In Sex at the Margins, Agustin writes against ‘social agents’, a group she defines as including ‘social workers, policy makers, individuals in charge of funding, religious personnel, counsellors, academics and NGO employees and volunteers, anyone who, in their work, consciously attempts to better other people's lives’ (p. 5). This definition lumps together a politically heterogeneous band (those who work for Migration Watch UK and those who work for the National Coalition of Anti-Deportation Campaigns or for the Institute of Race Relations; academics who promote the form of feminist fundamentalism Agustin criticizes and those who oppose it, for example). It is palpably untrue that all social agents, as defined above, ‘consistently deny’ migrants', agency in moves ‘whose object is management and control’, or ‘perpetuate a constructed class – “prostitute” ’, or serve ‘an isolationist immigration policy’ (p. 8), and one might expect Sex at the Margins to argue for political solidarity with those who do not. But since Agustin reduces politics to the ‘desire to help others’, all projects pursued by all social agents become commensurate: ‘Do I believe that those concerned with social justice and helping should sit on their hands and do nothing? Frequently asked this question, I always reply No: the desires of helpers, activists and theorists, whether utopian or pragmatic, are as valid as any other’ (p. 193). The real problem, Agustin continues, is that ‘The power to define problems, terms and solutions rests with social agents, who debate how to get Others to behave differently’, and who are too certain that they Know Best, as well as insufficiently reflexive about the role of their own desires and interests in framing what they know (pp. 187, 194).

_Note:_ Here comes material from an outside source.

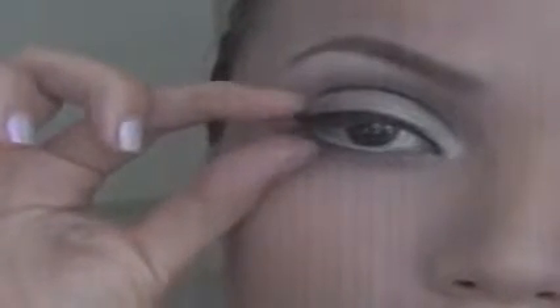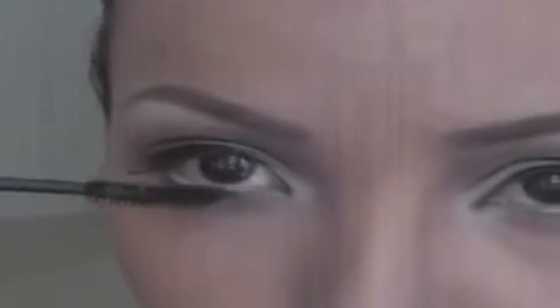Take a black eyeshadow and a small brush and apply it on your lower lash line. Take a false eyelash and apply half on one corner of your eye and the other half in the other corner. After the lashes are dry, apply mascara on your top lashes to blend with the fake eyelash. Don't forget the lower eyelashes as well.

Agustin rightly observes that ‘trafficking’ has become big business for middle class professionals. But if ‘trafficking’ is a gravy train, Agustin is no mere train spotter observing its passengers from afar. Her own fieldwork, travel and conference attendance was, presumably, funded and supported somehow (by ‘social helpers’ perhaps?) although no mention of this is made in the book's acknowledgements, and she too has secured status and a living on the back of ‘trafficking’. Agustin does not reflect on this, however, for she does not recognize herself as a ‘social agent’ – ‘I entered into the social sector's life but do not claim to have more than a partial vision of their culture’ (p. 142, emphasis added). Acknowledging that she was riding the same train might have prompted Agustin to dwell more closely on the political differences between the other passengers, perhaps even to greet some of them as fellow travellers. This would have made the book's argument more messy, but I think it would ultimately also have made it more interesting.